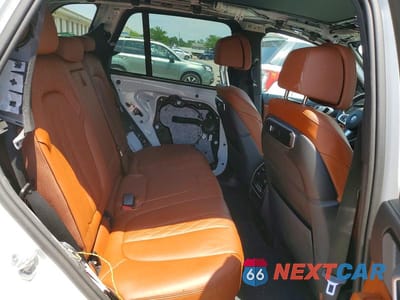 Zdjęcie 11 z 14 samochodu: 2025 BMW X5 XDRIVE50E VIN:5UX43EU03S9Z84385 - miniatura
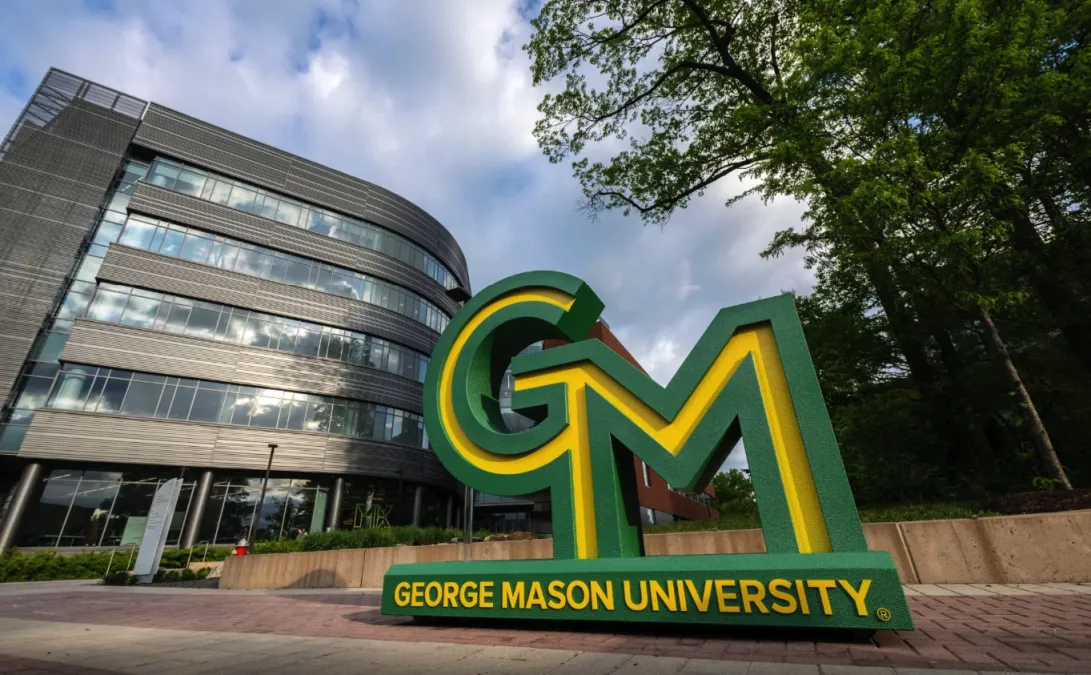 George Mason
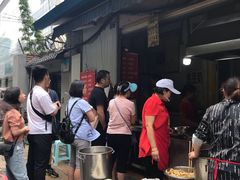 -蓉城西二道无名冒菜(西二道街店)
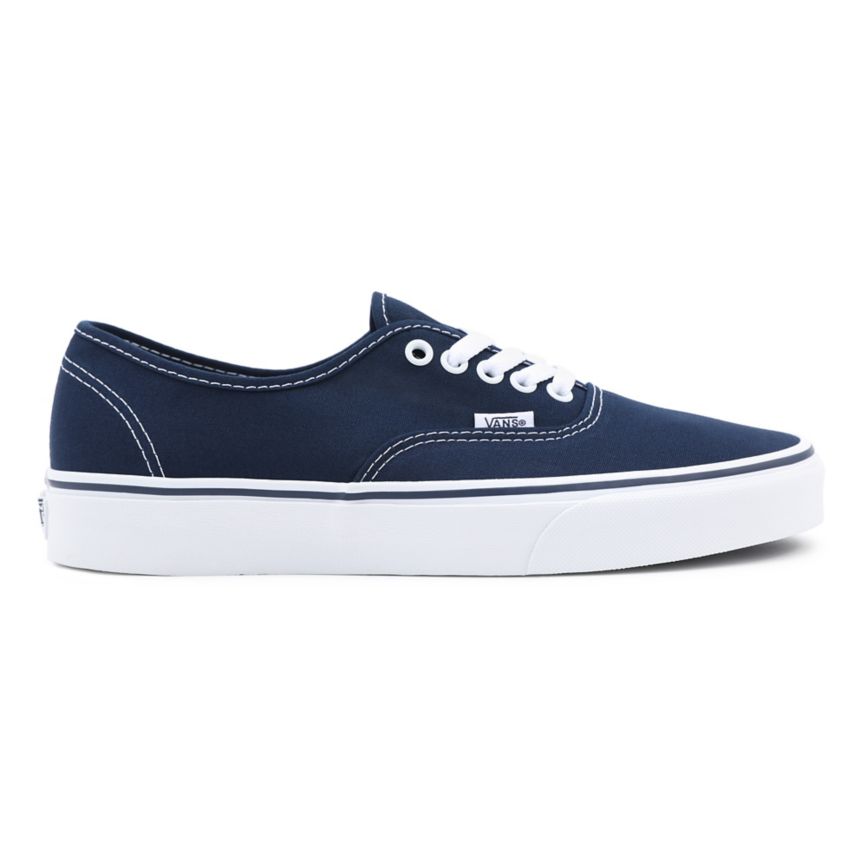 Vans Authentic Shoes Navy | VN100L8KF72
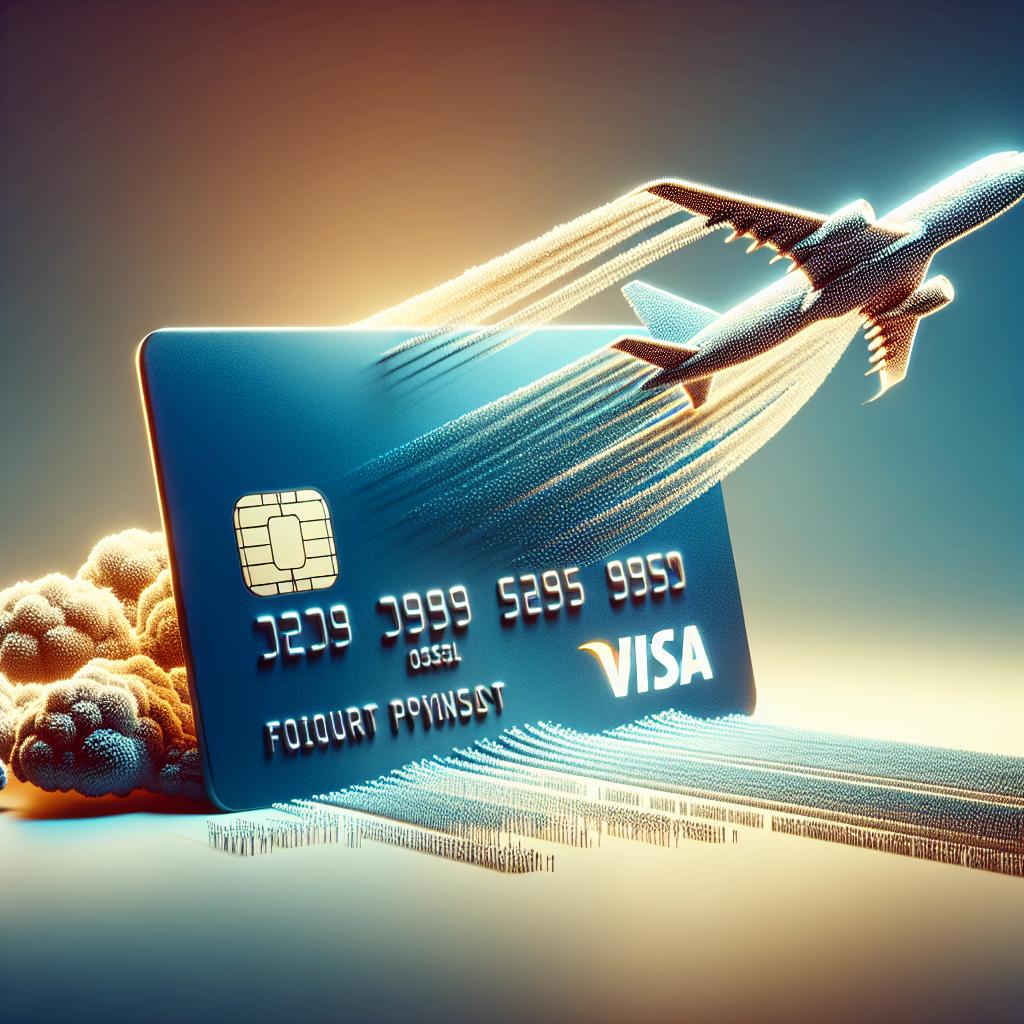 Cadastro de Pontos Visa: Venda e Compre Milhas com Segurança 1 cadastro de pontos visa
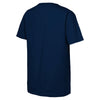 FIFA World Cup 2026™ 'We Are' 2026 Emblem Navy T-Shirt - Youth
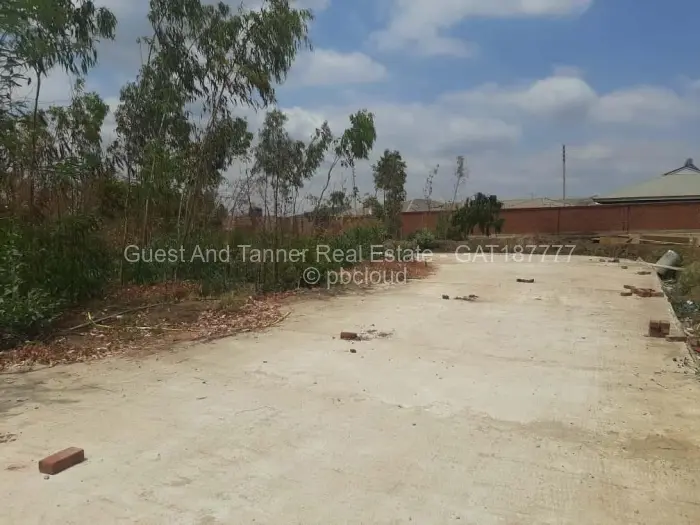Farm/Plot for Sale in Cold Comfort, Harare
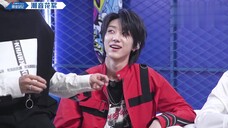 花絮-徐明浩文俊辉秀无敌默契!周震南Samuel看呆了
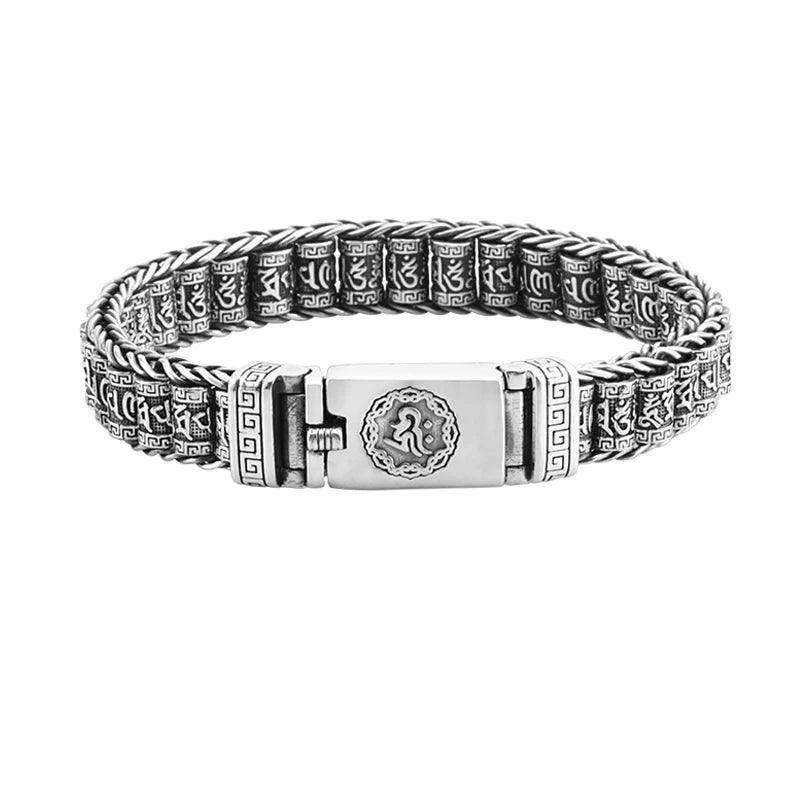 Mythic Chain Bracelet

————

- **Assignment**
Exactly the lines from the line containing "George Mason" to the end of the records need to be copied, both ends included, with pictures left out.

- **Answer space**
 George Mason
 -蓉城西二道无名冒菜(西二道街店)
 Vans Authentic Shoes Navy | VN100L8KF72
 Cadastro de Pontos Visa: Venda e Compre Milhas com Segurança 1 cadastro de pontos visa
 FIFA World Cup 2026™ 'We Are' 2026 Emblem Navy T-Shirt - Youth
Farm/Plot for Sale in Cold Comfort, Harare
 花絮-徐明浩文俊辉秀无敌默契!周震南Samuel看呆了
 Mythic Chain Bracelet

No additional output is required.